After the children of Israel possessed the land as their inheritance, they did not obey God’s word to utterly drive out and destroy all the seven tribes inhabiting Canaan (Judg. 1:27-36). As a result, the children of Israel dwelled among them, took their daughters to be their wives, gave their daughters to their sons, and served their gods, thus doing evil in the sight of the Lord. The children of Israel forsook the Lord God of their fathers who brought them out of the land of Egypt, and they followed the gods of the people that were around them. They bowed themselves down to them, and provoked Jehovah to anger. So God delivered them into the hands of spoilers, and He sold them into the hands of their enemies so that they could no longer stand.
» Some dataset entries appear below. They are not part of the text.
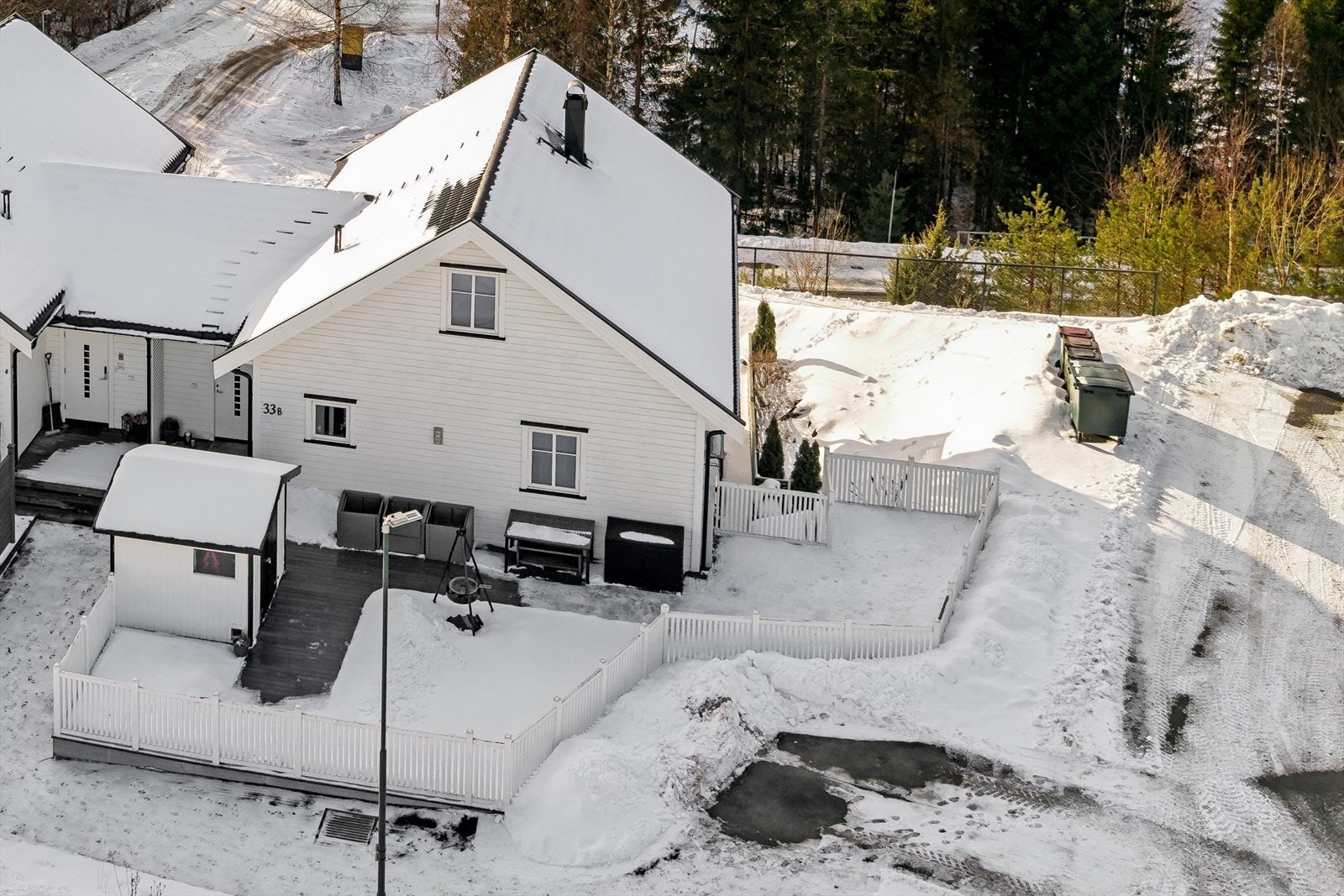 Parkering med elbillader er tilgjengelig på felles gårdsplass for en bil samt rikelig med gjesteparkering på felles eiendom. Galleribilde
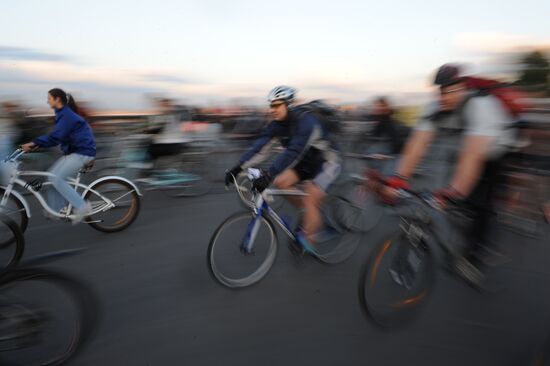 Bicycle race on No Car Day in Moscow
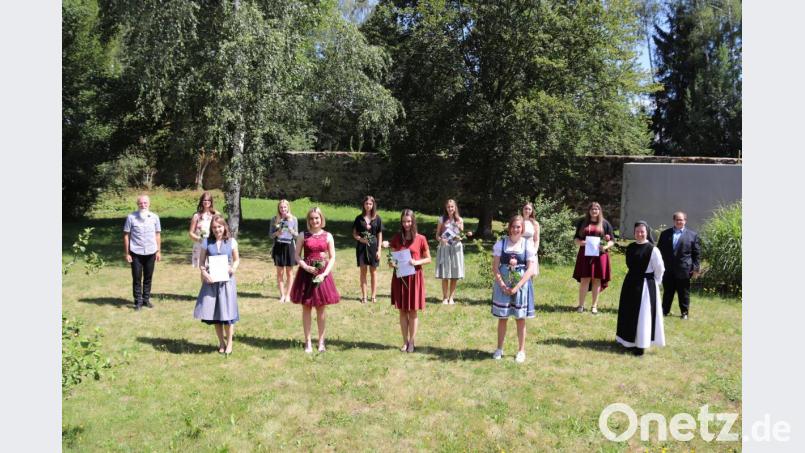 Die besten Absolventinnen der Klasse 10b: Darunter die Jahrgangsbeste Tatjana Kleber (hinten, Zweite von links), Cecile Lauber (vorne, Zweite von links), Luisa Plaß (hinten, Dritte von links). Für ihr besonderes soziales Engagement wurde Nele Haberkorn geehrt (vorne, links). Bild: exb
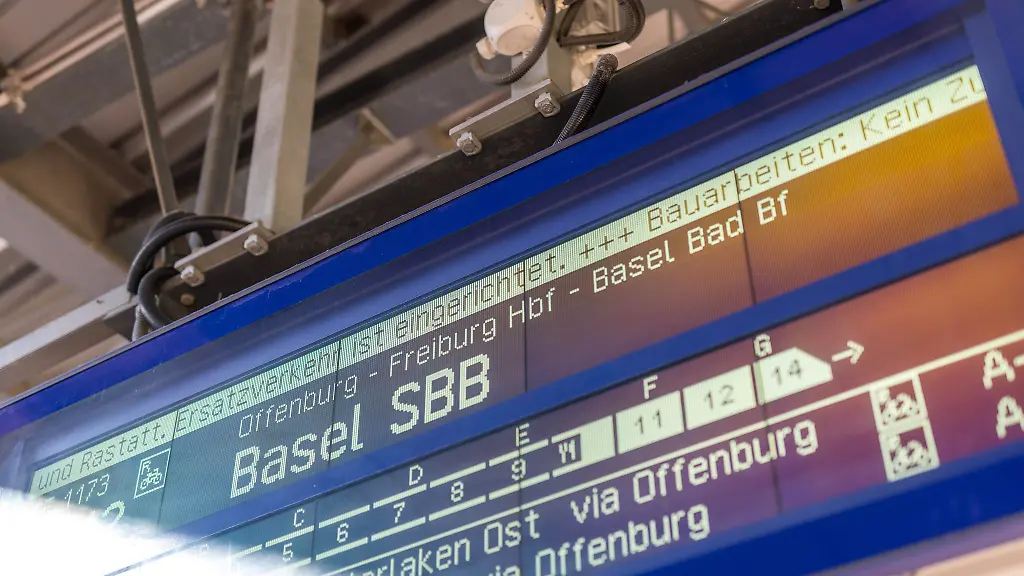 Eine-Baustelle-sorge-fuer-chaotische-Zustaende-auf-der-Rheintalbahn-bei-Freiburg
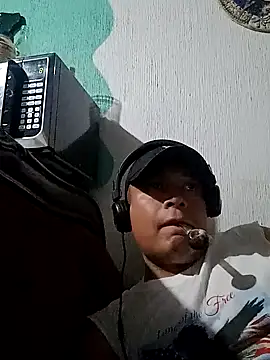 Snapshot of Noctucrasy247 chatting on December 19, 2024, 5:18 am Noctucrasy247 online show from December 19, 2024, 5:18 am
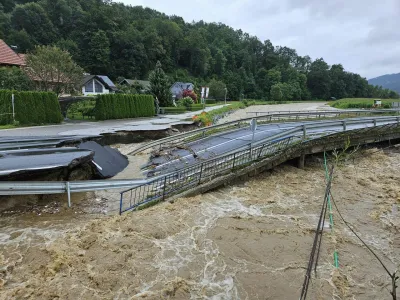 V Dravogradu poru&scaron;enih mostov sploh ne &scaron;tejejo več.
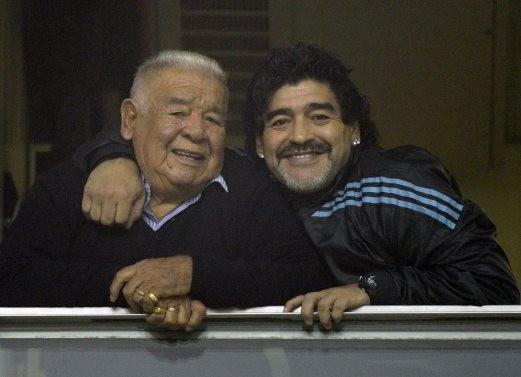 Bố của huyền thoại Maradona qua đời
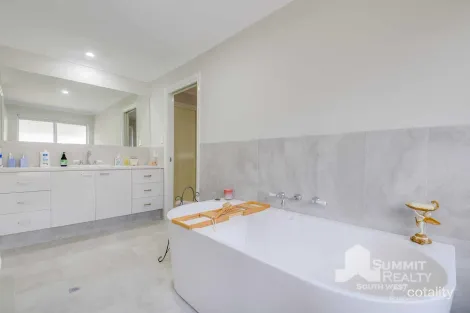 Property photo of 60 Bibra Loop Dalyellup WA 6230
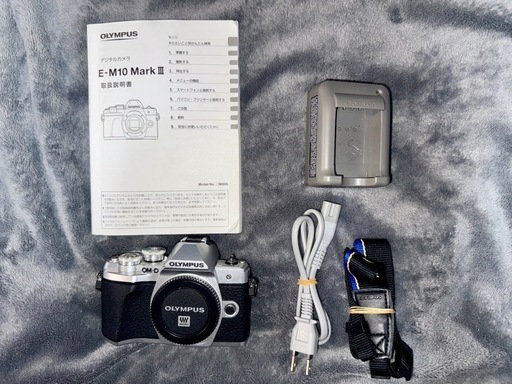 OLYMPUS (オリンパス) OM-D E-M10 Mark III ボディ シルバー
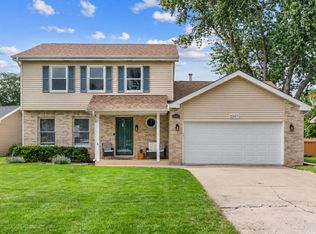 6114 1/2 Leonard Ave, Downers Grove, IL 60516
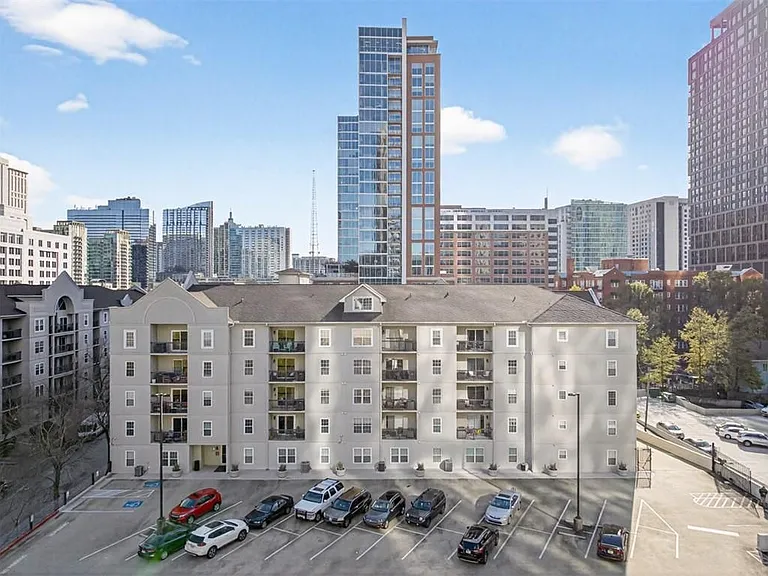 1075 Peachtree Walk NE #A512 — Photo 33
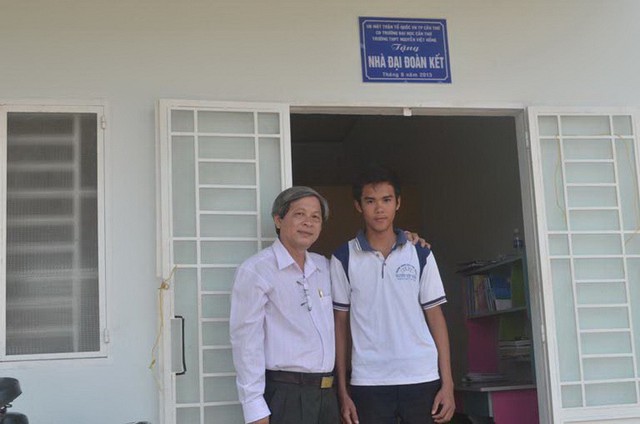 Người thầy của các thế hệ học sinh trường chuyên Lý Tự Trọng - Ảnh 2. Người thầy của các thế hệ học sinh trường chuyên Lý Tự Trọng - Ảnh 2.
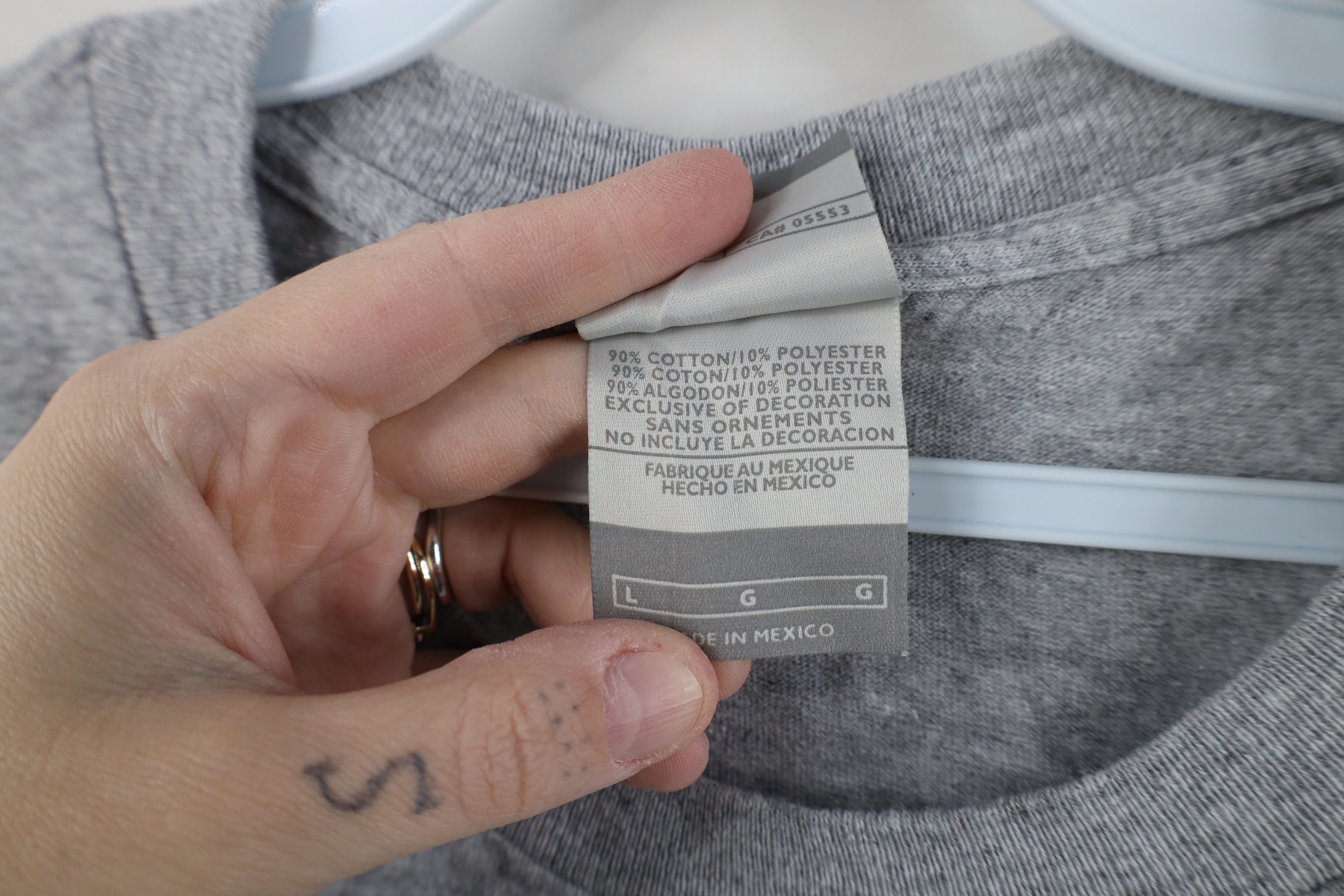 Nike Vintage Nike Mini Swoosh Short Sleeve T-Shirt Heather Gray Size US L / EU 52-54 / 3 - 8 Thumbnail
Wherever they went out, the hand of the Lord was against them for evil (2:11-15).
Even though God raised up judges to deliver them out of the hands of those who spoiled them, they would not hearken, but they defiled themselves with other gods and bowed down to them; they turned quickly out of the way in which their fathers walked. They corrupted themselves more than their fathers and did not cease from their own doings nor from their stubborn way (2:16-19).
The age of the judges may be considered the darkest period in the history of Israel. At that time, among the children of Israel there were rebellions against God, idolatry (Judg. 17—18), infighting (Judg. 9), hostility and controversy among the tribes (Judg. 20—21), fornication (Judg. 19), filthiness, brutal killings, and all manner of evil doing. Every man did that which was right in his own eyes (Judg. 17:6; 21:25). It was also a period of tragedy. The unbelief of the children of Israel caused them to wander for forty years so that even their carcasses fell in the wilderness (Heb. 3:7, 19). But their forsaking God and their idolatry after they entered the land issued in a situation of defeat and tragedy that lasted not merely forty years, but ten times forty years.
The children of Israel forsook God repeatedly, followed the nations’ customs, and bowed themselves down to other gods, but as soon as they repented, God listened to their cries, and delivered them out of the hand of their enemies through the judges. In God’s grace and faithfulness the children of Israel needed only to repent from their hearts and to cry to God; then God would listen to their prayers and deliver them. As many as seven times, they rebelled, were enslaved, repented, and were delivered.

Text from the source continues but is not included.